ASSIGNED TASK - Transcribe only the part of the material below that begins at the line containing "Robe De Mariée" and ends at the line containing "Alomomola 36/145 English", with both kept and images left out.

RECORD EXTRACTS -
- - -

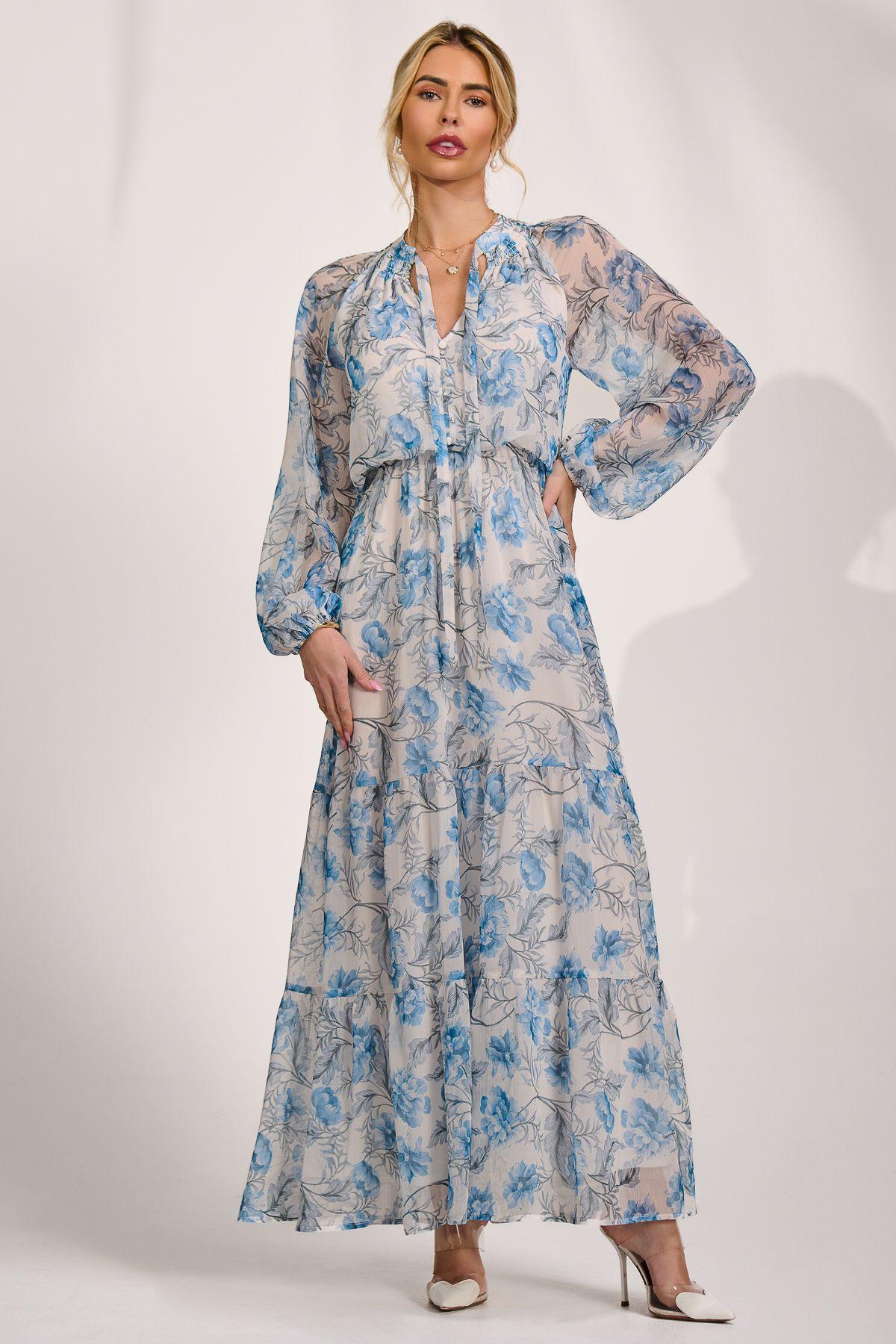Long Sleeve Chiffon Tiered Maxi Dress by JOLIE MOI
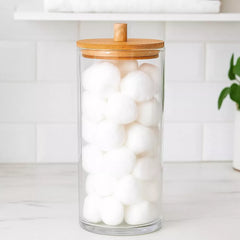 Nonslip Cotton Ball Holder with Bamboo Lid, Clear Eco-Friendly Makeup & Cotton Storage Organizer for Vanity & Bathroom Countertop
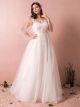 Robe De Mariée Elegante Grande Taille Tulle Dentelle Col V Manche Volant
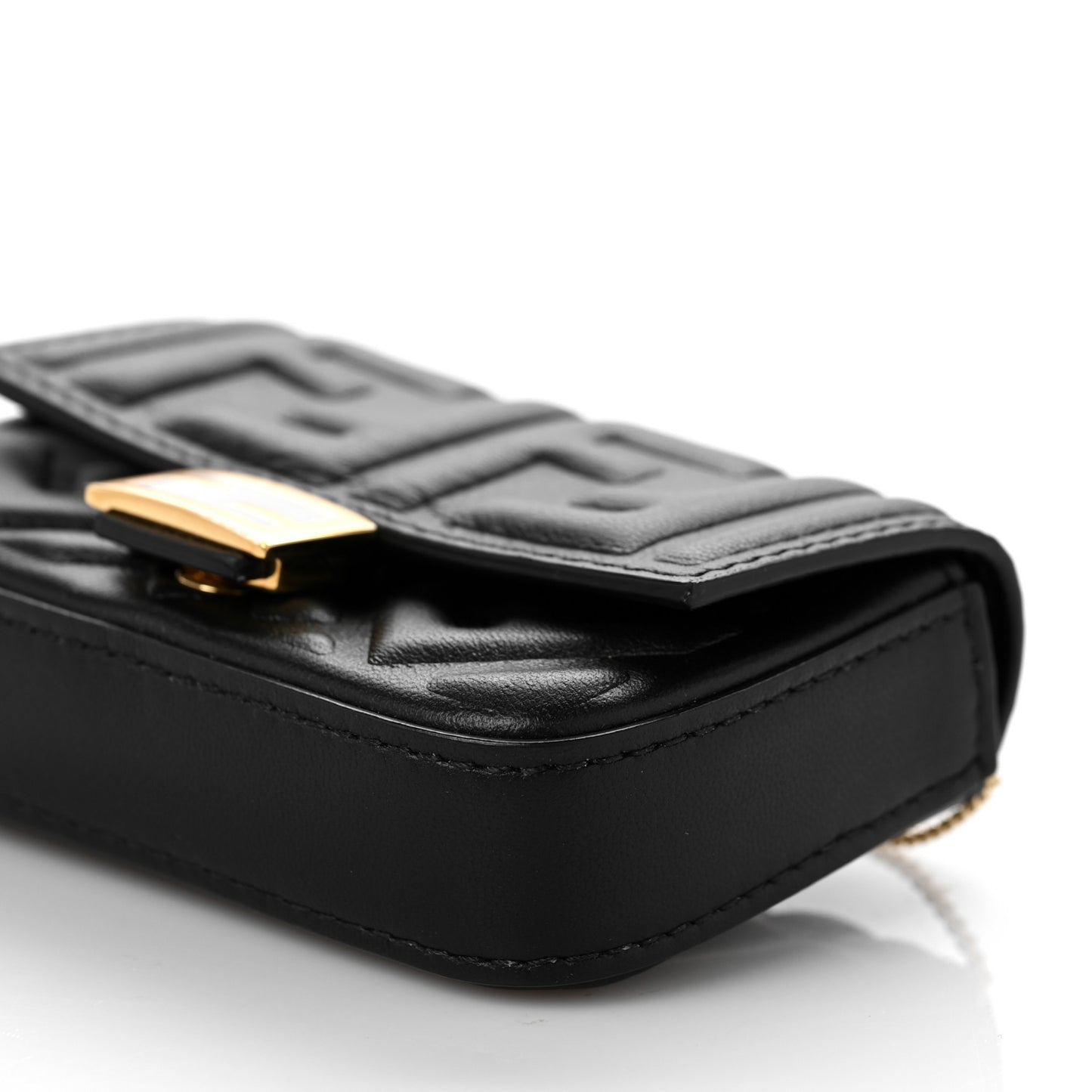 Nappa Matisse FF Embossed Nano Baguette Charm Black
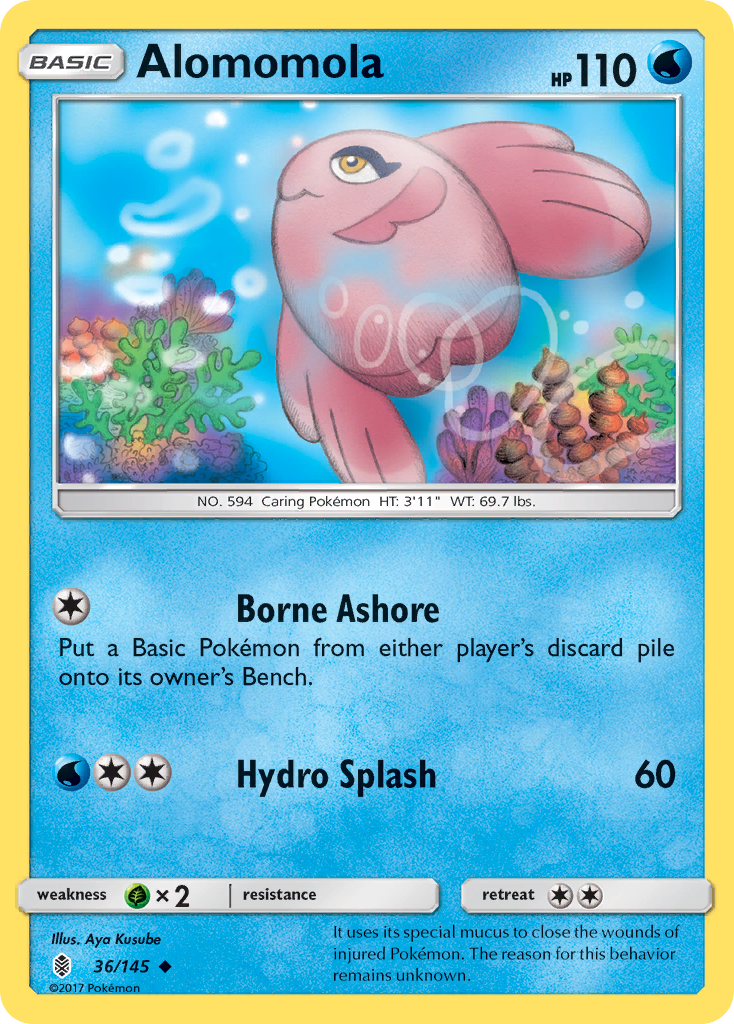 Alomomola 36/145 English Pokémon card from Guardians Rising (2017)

- - -

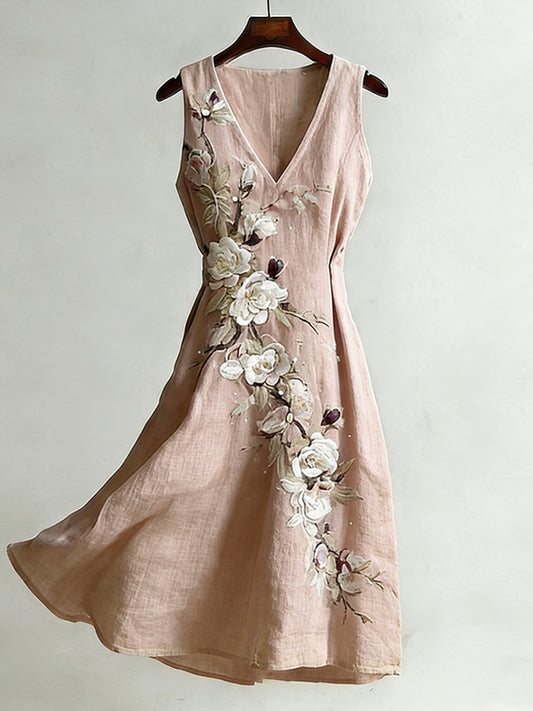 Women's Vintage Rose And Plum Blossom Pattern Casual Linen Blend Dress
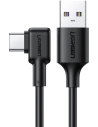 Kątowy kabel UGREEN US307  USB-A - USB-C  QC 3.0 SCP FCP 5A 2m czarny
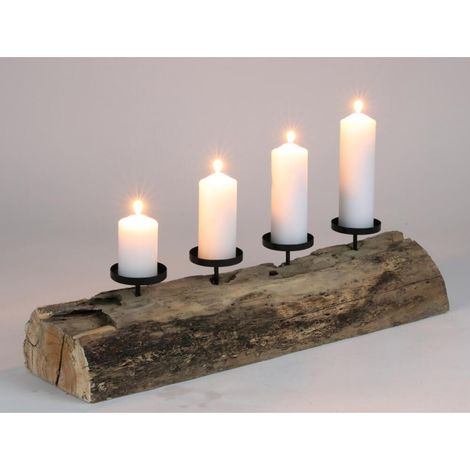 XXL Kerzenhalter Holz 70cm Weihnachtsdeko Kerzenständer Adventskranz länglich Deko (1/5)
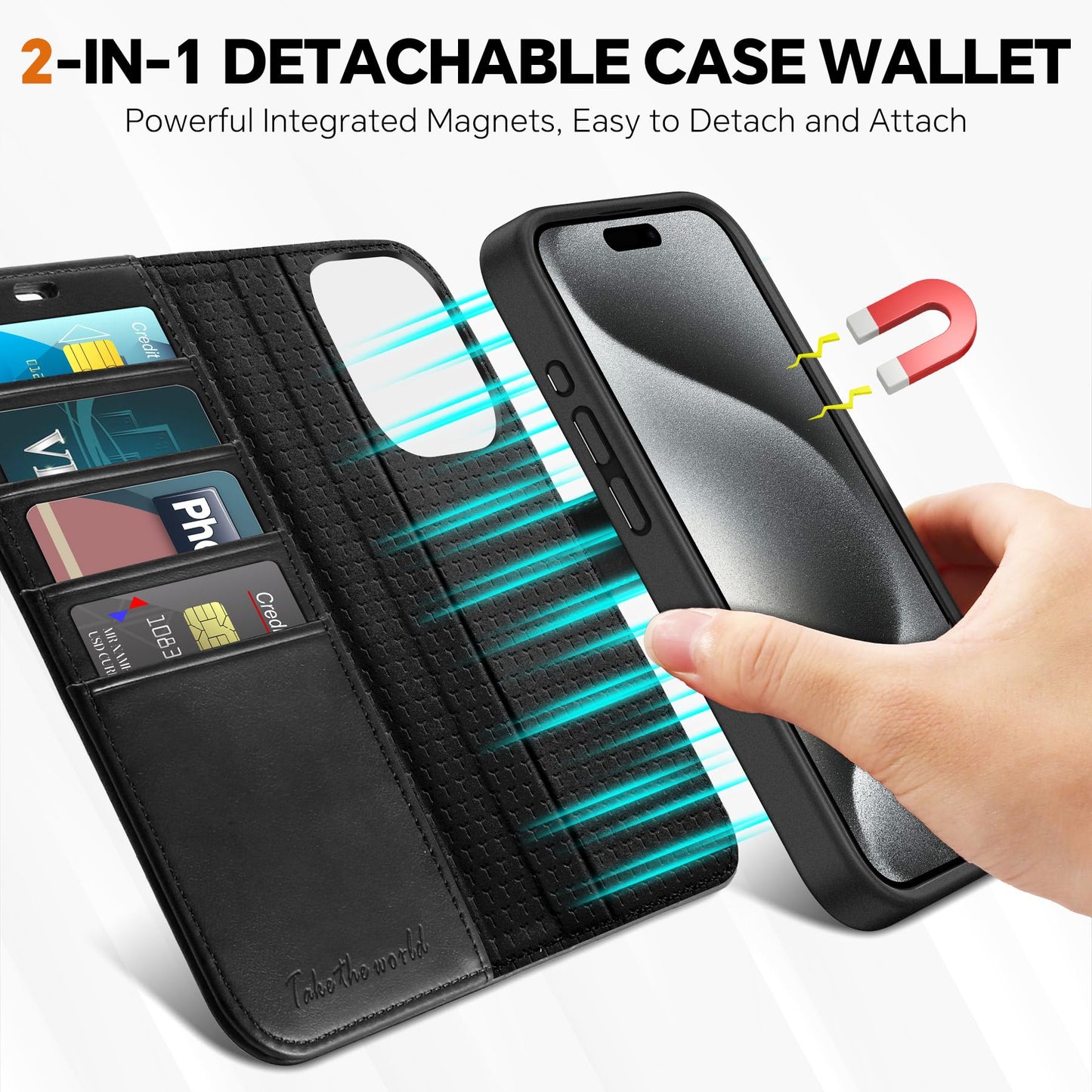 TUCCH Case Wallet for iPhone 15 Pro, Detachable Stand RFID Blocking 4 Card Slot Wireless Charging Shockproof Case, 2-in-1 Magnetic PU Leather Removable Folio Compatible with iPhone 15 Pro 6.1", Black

- - -

SOLUTION FOR THIS TASK -
 Robe De Mariée Elegante Grande Taille Tulle Dentelle Col V Manche Volant
 Nappa Matisse FF Embossed Nano Baguette Charm Black
 Alomomola 36/145 English Pokémon card from Guardians Rising (2017)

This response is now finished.